Exercise.
Set down every entry exactly as it stands, omitting any picture.

Brief descriptive captions.
----------------
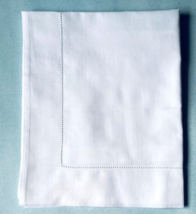 Sferra Lightweight White Egyptian Cotton Boudoir Sham Hemstitched Flange... - $28.61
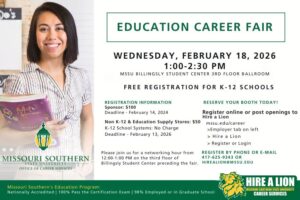 MSSU Career Fair Flyer
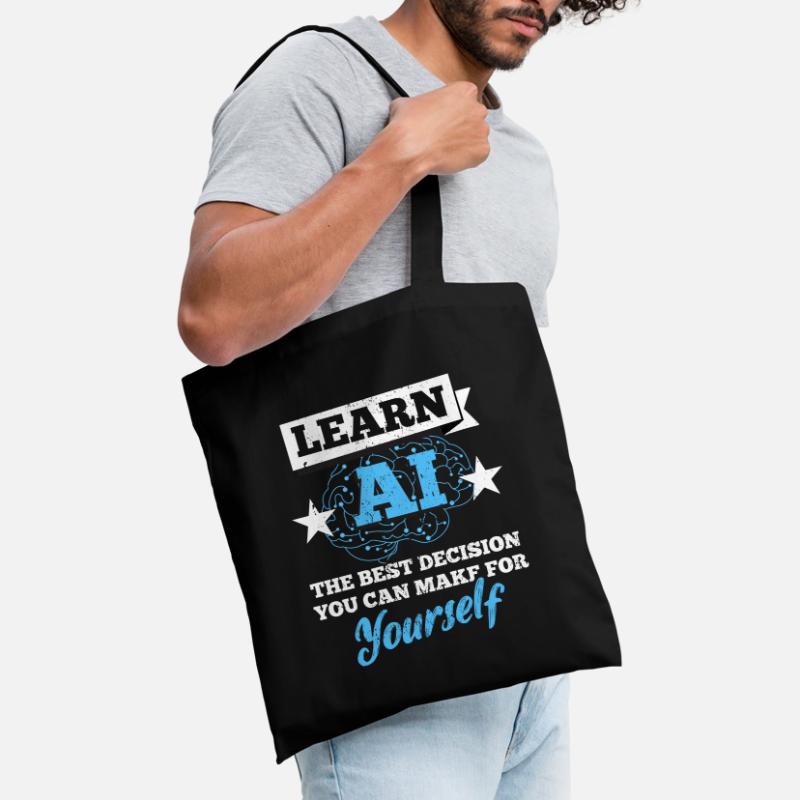 Robot AI Software Developer Computer Nerd Geeks Tote Bag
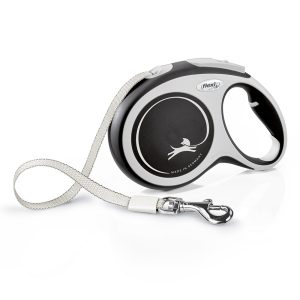 flexi New Comfort nauhatalutin L musta, 8 m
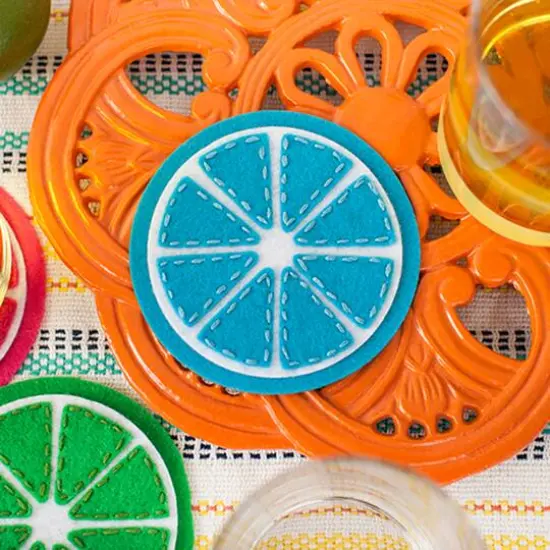 Cricut&reg; Felt Carousel Sampler {14}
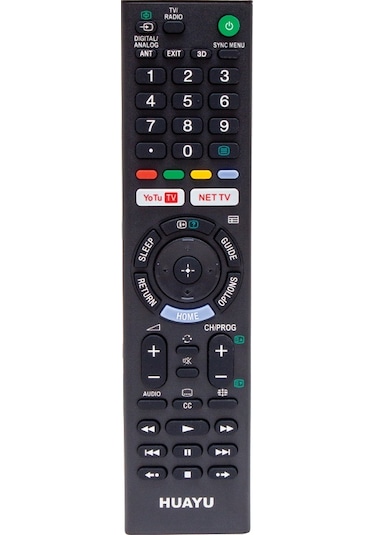 Huayu Rm-L1370Eu Sony Youtube - Netflix Tuşlu Lcd-Led Tv Kumanda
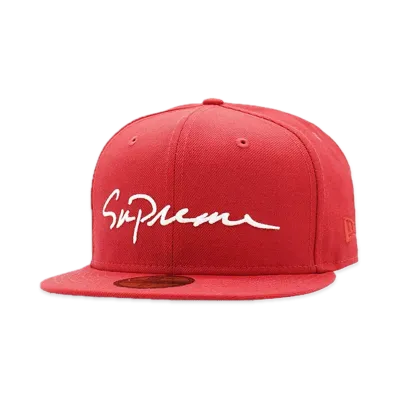 Supreme Classic Script New Era "Red"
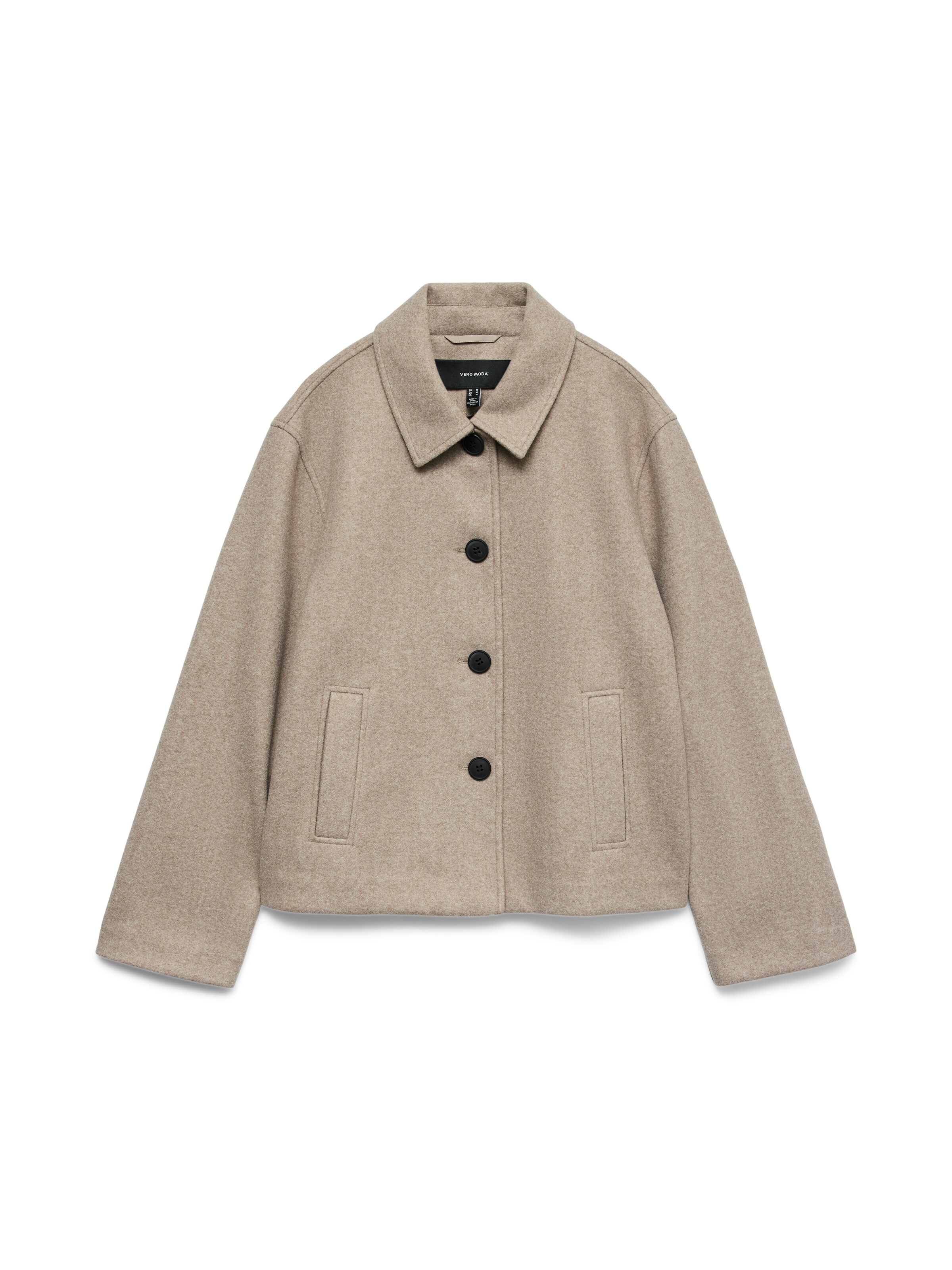 VERO MODA Between-season jacket 'Fortunemie' in Grey: front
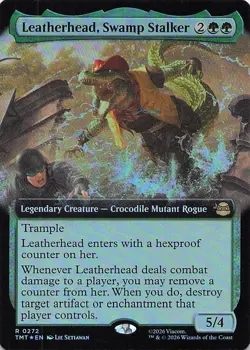 Leatherhead, Swamp Stalker (Extended Art) Teenage Mutant Ninja Turtles Foil - Image 1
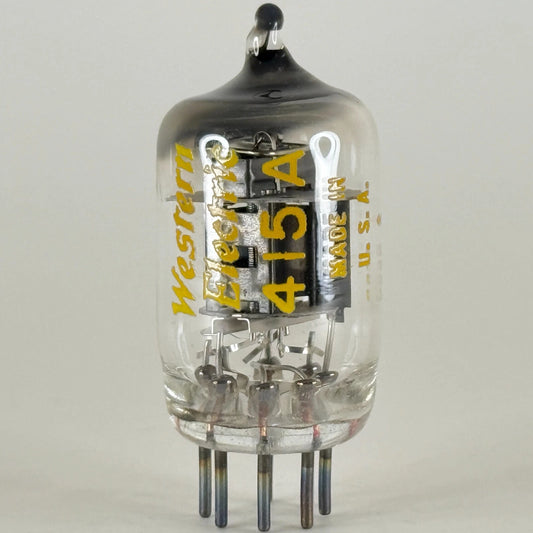 (1) Tested 1965 Western Electric 415A Tube Black Plate Square Getter Code 6539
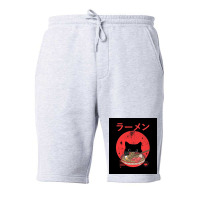 Cat Ramen Fleece Short | Artistshot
----------------
Written solution.
 Sferra Lightweight White Egyptian Cotton Boudoir Sham Hemstitched Flange... - $28.61
 MSSU Career Fair Flyer
 Robot AI Software Developer Computer Nerd Geeks Tote Bag
 flexi New Comfort nauhatalutin L musta, 8 m
 Cricut&reg; Felt Carousel Sampler {14}
 Huayu Rm-L1370Eu Sony Youtube - Netflix Tuşlu Lcd-Led Tv Kumanda
 Supreme Classic Script New Era "Red"
 VERO MODA Between-season jacket 'Fortunemie' in Grey: front
 Leatherhead, Swamp Stalker (Extended Art) Teenage Mutant Ninja Turtles Foil - Image 1
 (1) Tested 1965 Western Electric 415A Tube Black Plate Square Getter Code 6539
 Cat Ramen Fleece Short | Artistshot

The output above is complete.